| Provided data |

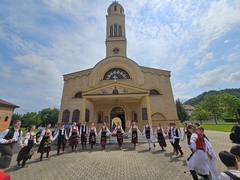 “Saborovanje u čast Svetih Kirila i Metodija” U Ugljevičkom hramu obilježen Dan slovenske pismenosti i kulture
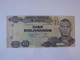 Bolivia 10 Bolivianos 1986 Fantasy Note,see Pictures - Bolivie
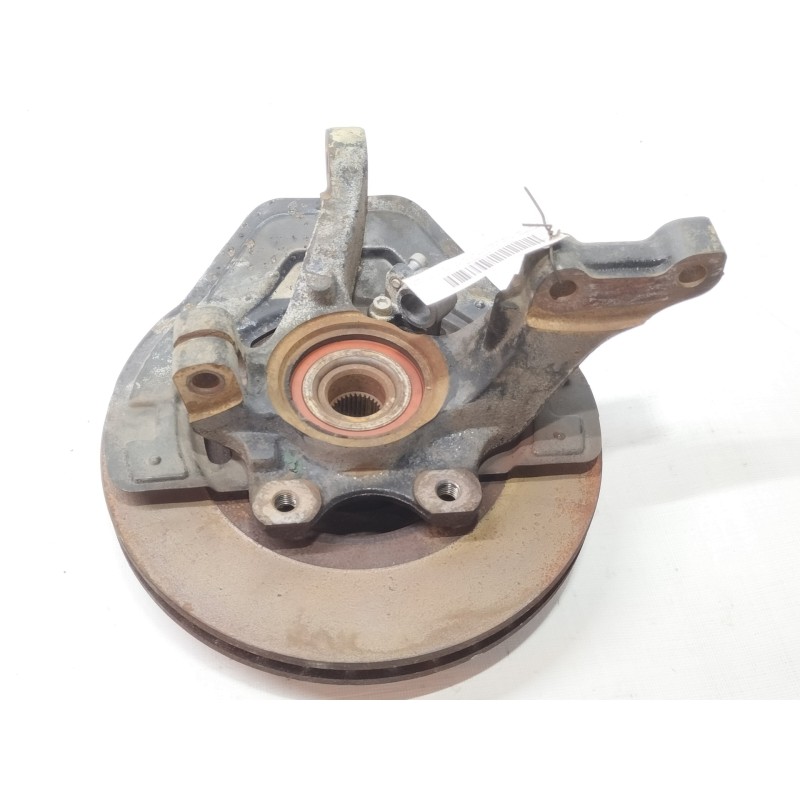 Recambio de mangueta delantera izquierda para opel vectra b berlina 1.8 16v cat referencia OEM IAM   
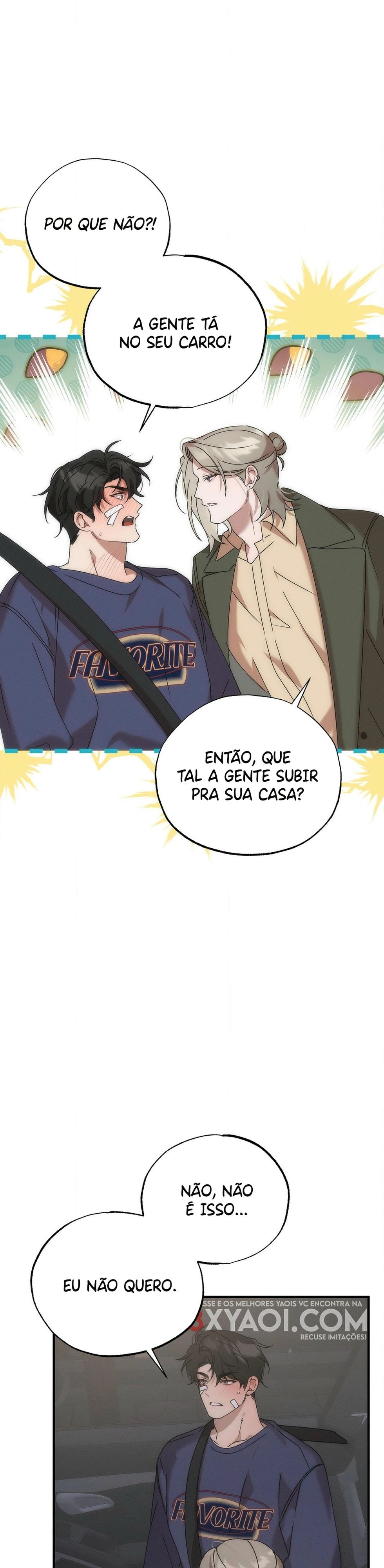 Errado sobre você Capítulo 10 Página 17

* * *

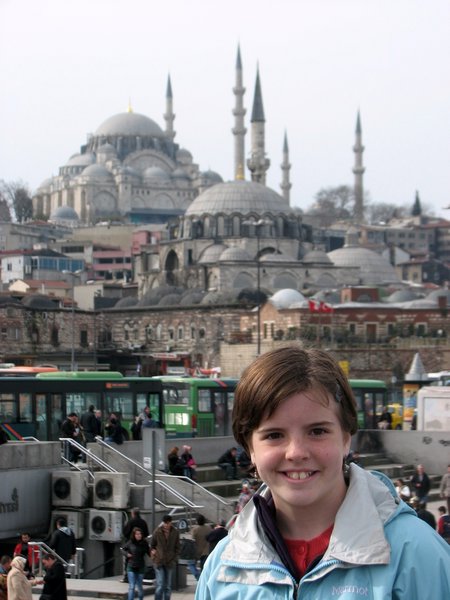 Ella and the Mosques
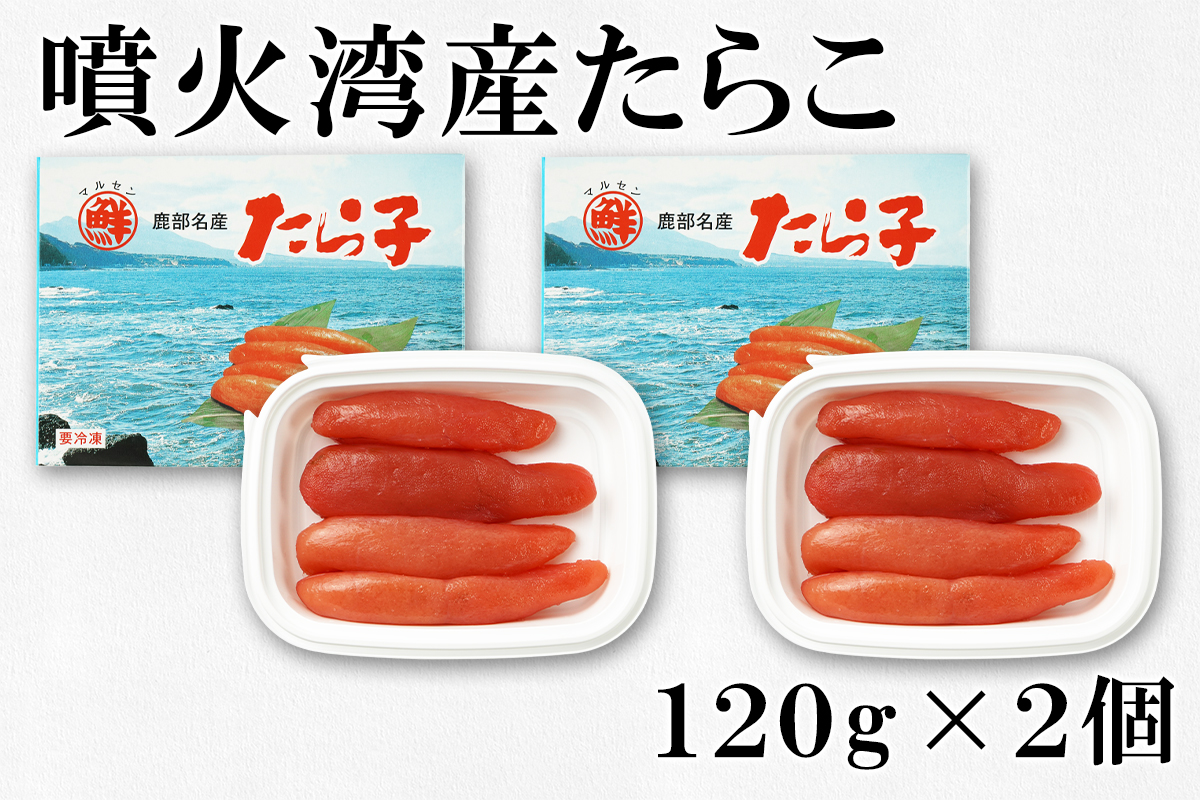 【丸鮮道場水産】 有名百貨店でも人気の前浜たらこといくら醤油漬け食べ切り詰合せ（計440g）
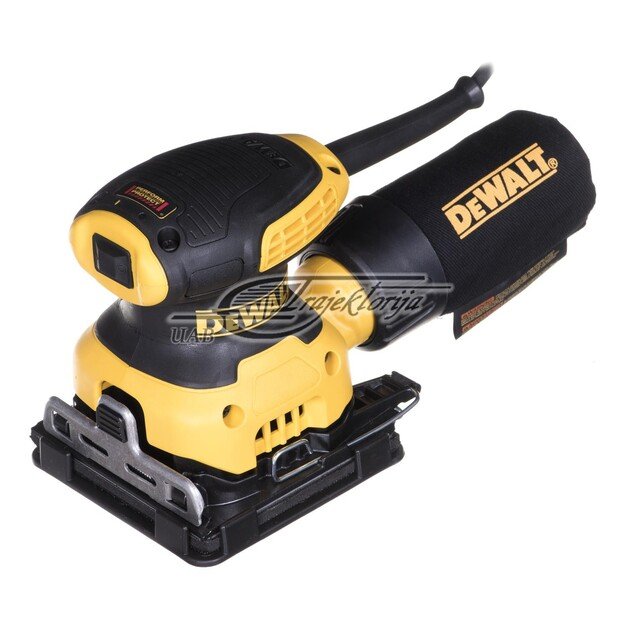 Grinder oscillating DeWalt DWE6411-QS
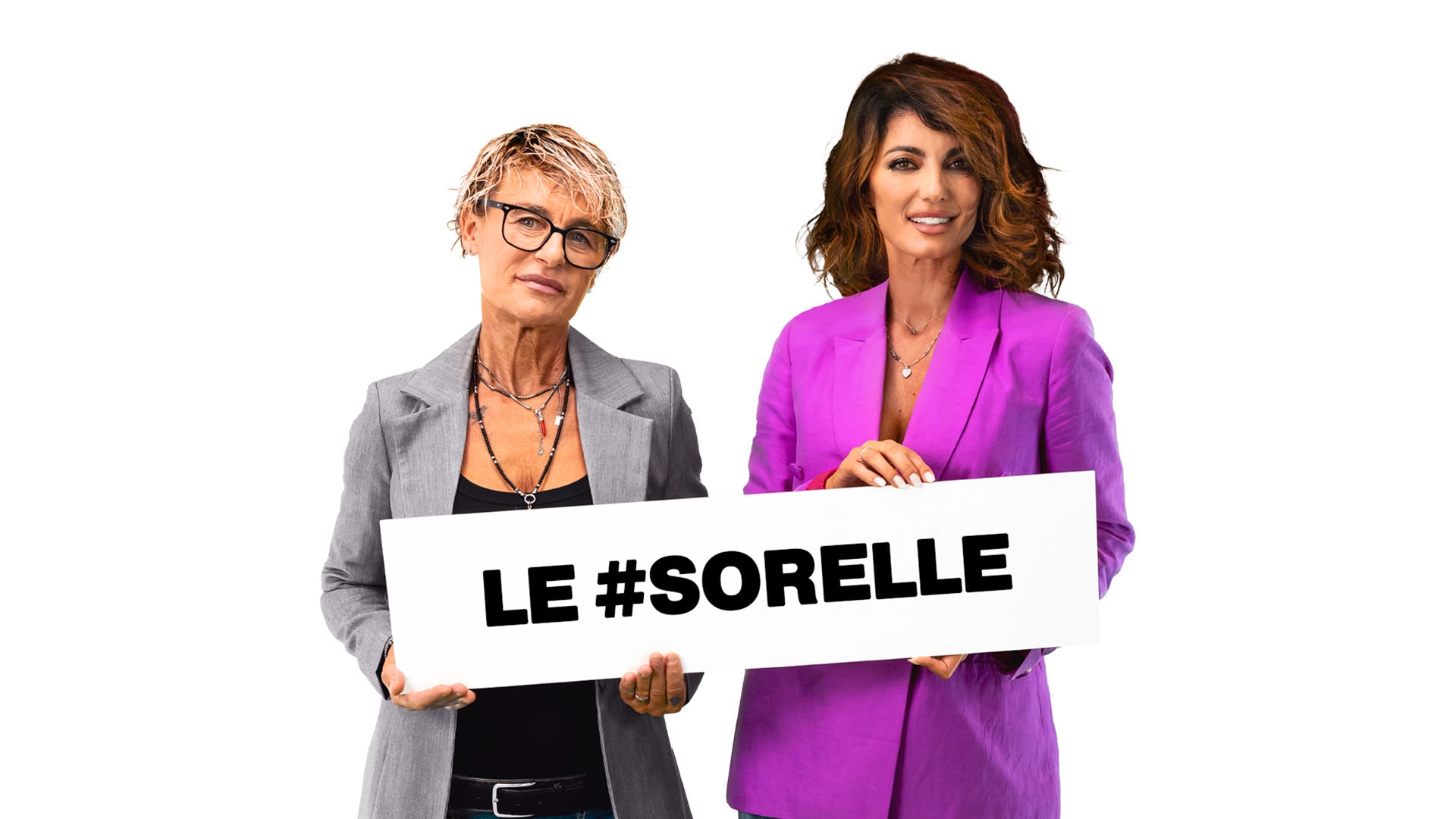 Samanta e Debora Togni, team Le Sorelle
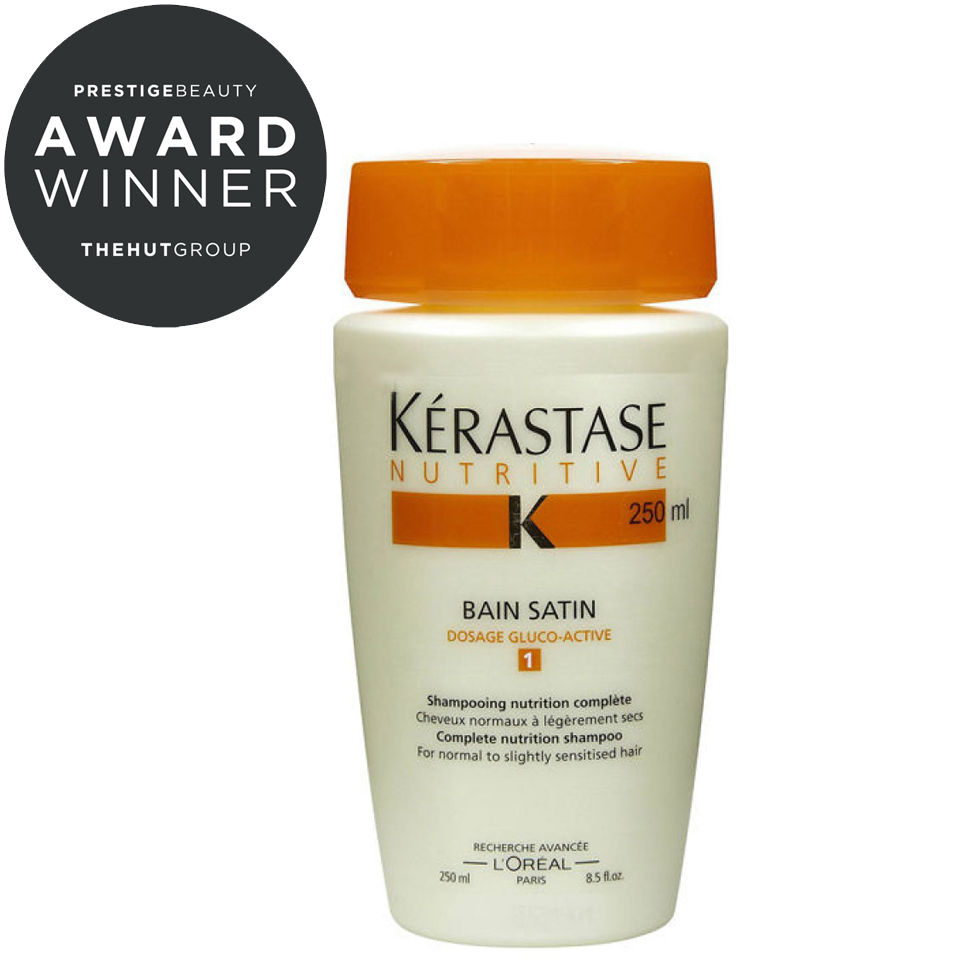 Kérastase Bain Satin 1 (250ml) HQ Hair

--

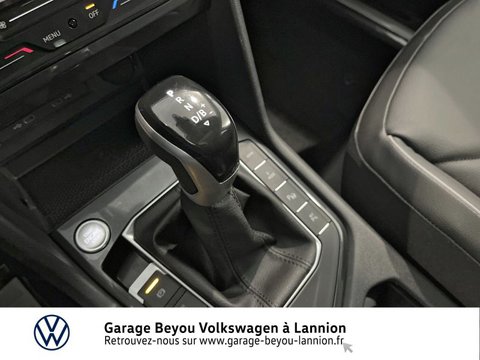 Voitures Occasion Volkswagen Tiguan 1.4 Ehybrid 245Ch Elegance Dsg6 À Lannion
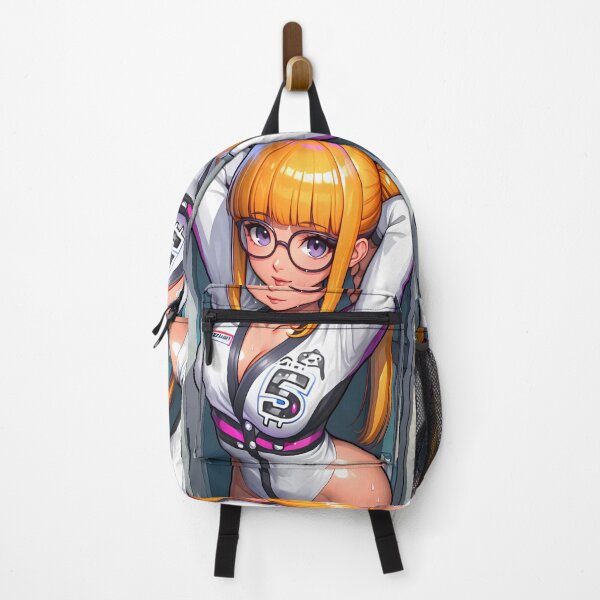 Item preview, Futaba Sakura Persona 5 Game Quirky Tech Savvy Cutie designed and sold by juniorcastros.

| Problem details |
Go to the line above that contains "Ella and the Mosques" and reproduce everything exactly from there through the line that contains "Kérastase Bain Satin 1 (250ml) HQ Hair", leaving out the pictures.

| Answer to the exercise |
 Ella and the Mosques
 【丸鮮道場水産】 有名百貨店でも人気の前浜たらこといくら醤油漬け食べ切り詰合せ（計440g）
 Grinder oscillating DeWalt DWE6411-QS
 Samanta e Debora Togni, team Le Sorelle
 Kérastase Bain Satin 1 (250ml) HQ Hair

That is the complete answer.